## Required action:
The entries are to be output word for word, with the pictures omitted.

## Provided information:

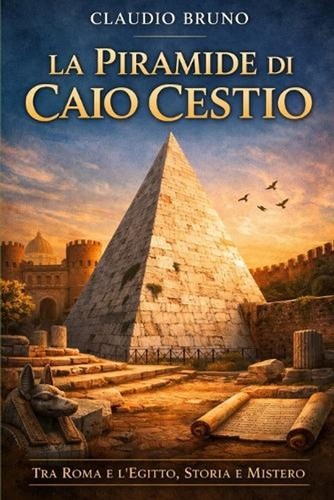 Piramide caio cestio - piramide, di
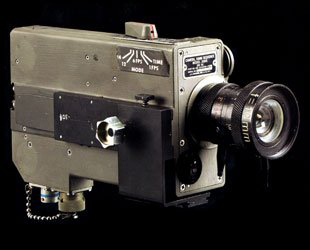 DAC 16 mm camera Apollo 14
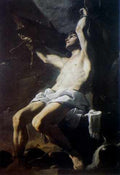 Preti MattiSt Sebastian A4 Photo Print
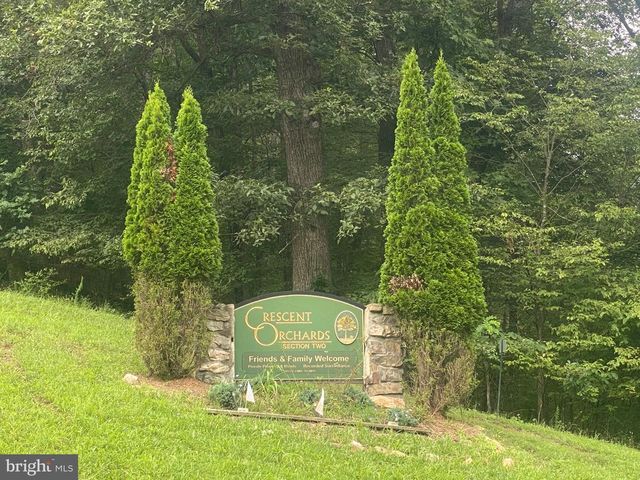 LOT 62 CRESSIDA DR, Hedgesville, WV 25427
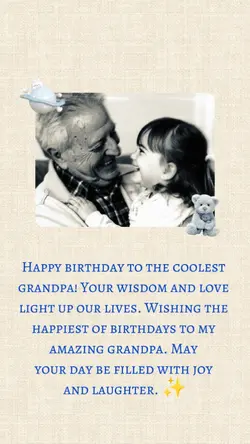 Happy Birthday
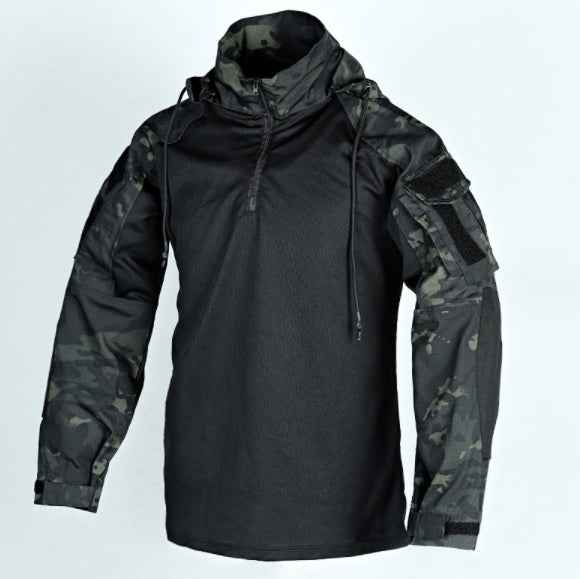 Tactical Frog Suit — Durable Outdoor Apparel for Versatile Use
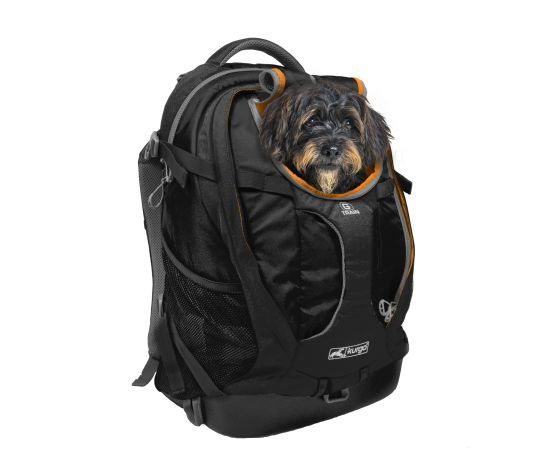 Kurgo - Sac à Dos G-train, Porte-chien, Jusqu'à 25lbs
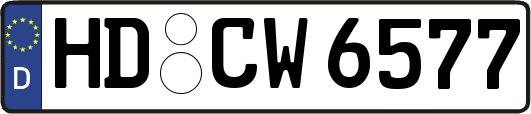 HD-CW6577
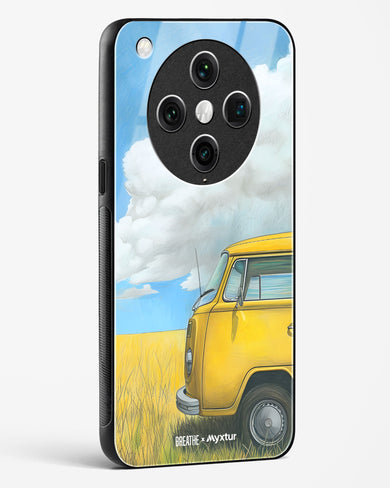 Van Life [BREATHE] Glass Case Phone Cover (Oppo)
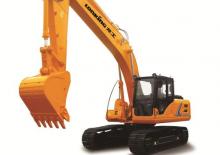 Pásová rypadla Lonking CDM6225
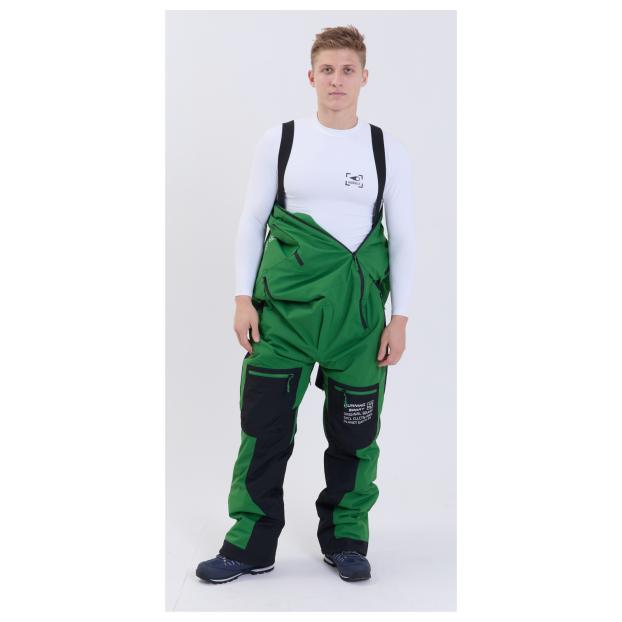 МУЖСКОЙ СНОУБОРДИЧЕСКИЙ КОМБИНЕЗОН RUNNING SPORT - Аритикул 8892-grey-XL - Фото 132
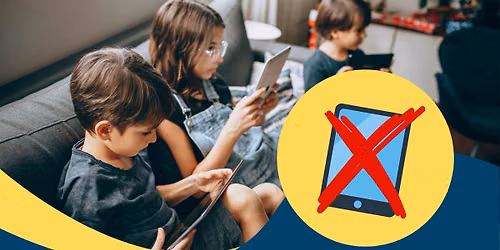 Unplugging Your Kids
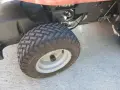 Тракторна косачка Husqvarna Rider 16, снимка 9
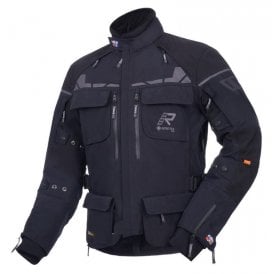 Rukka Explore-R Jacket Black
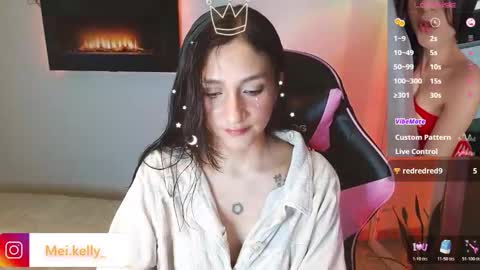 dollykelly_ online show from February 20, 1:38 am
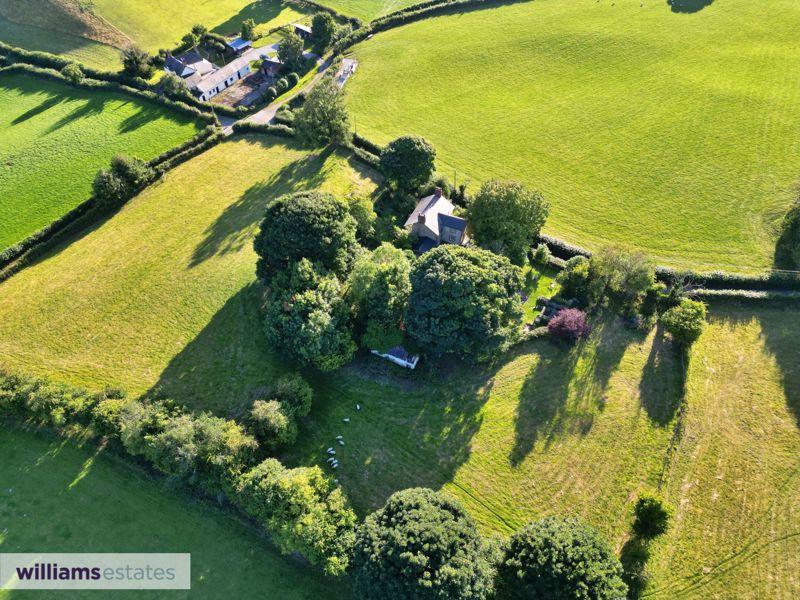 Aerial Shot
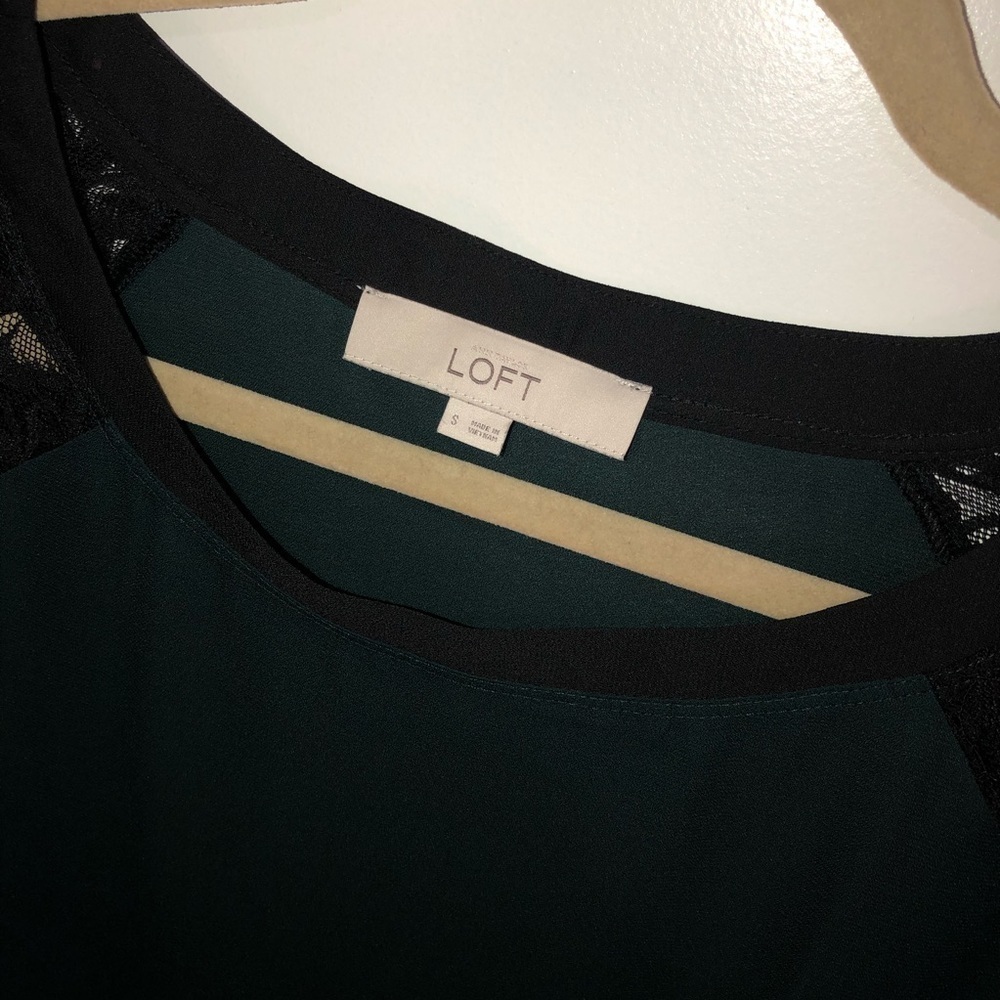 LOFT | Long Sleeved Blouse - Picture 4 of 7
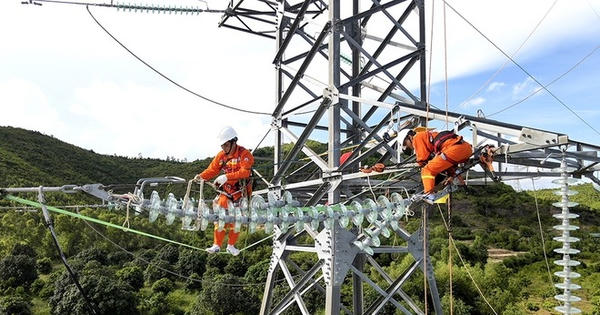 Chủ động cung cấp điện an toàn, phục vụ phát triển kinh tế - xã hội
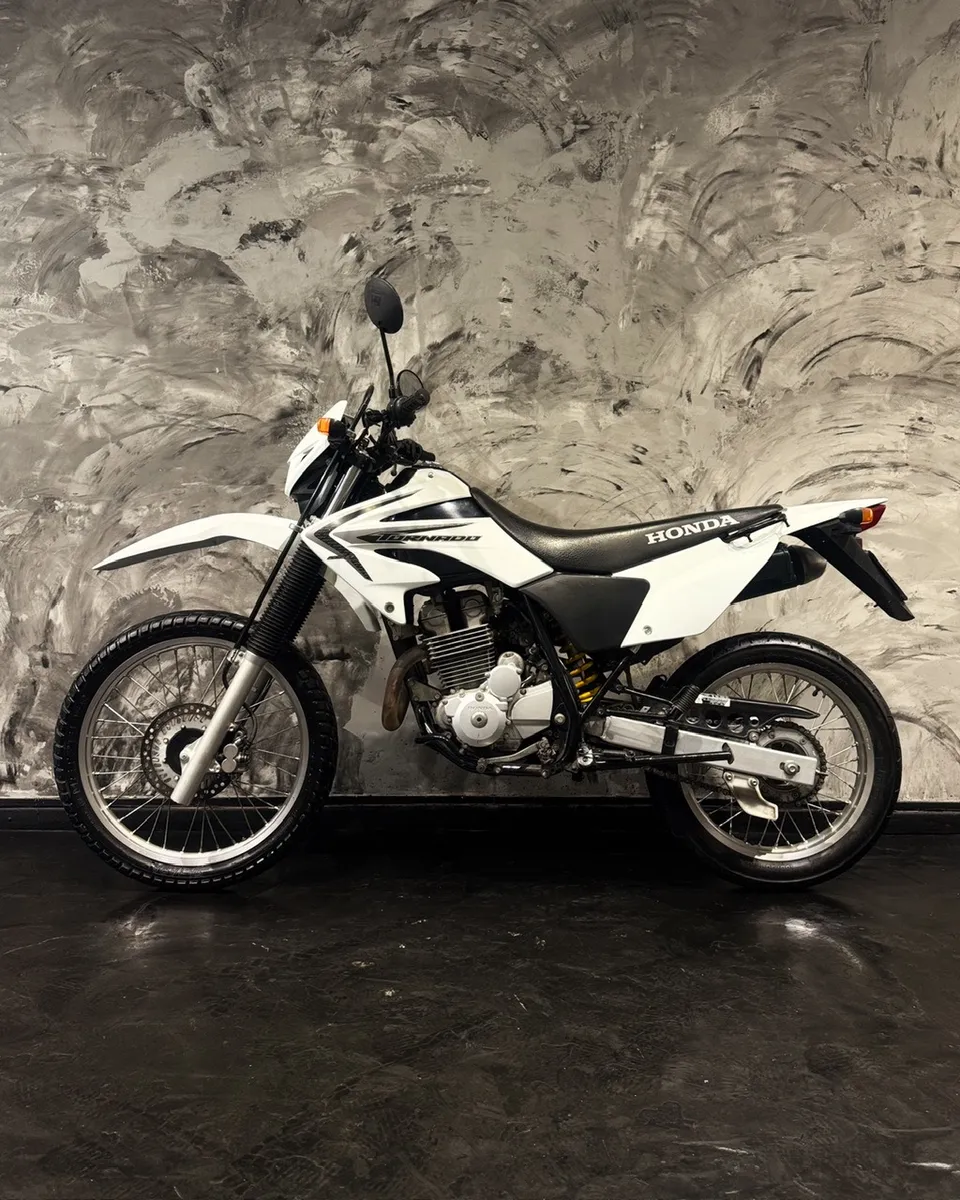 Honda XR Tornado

## Finished exercise:
 Piramide caio cestio - piramide, di
 DAC 16 mm camera Apollo 14
 Preti MattiSt Sebastian A4 Photo Print
 LOT 62 CRESSIDA DR, Hedgesville, WV 25427
 Happy Birthday
 Tactical Frog Suit — Durable Outdoor Apparel for Versatile Use
 Kurgo - Sac à Dos G-train, Porte-chien, Jusqu'à 25lbs
 HD-CW6577
 Van Life [BREATHE] Glass Case Phone Cover (Oppo)
 Pásová rypadla Lonking CDM6225
 МУЖСКОЙ СНОУБОРДИЧЕСКИЙ КОМБИНЕЗОН RUNNING SPORT - Аритикул 8892-grey-XL - Фото 132
 Unplugging Your Kids
 Тракторна косачка Husqvarna Rider 16, снимка 9
 Rukka Explore-R Jacket Black
 dollykelly_ online show from February 20, 1:38 am
 Aerial Shot
 LOFT | Long Sleeved Blouse - Picture 4 of 7
 Chủ động cung cấp điện an toàn, phục vụ phát triển kinh tế - xã hội
 Honda XR Tornado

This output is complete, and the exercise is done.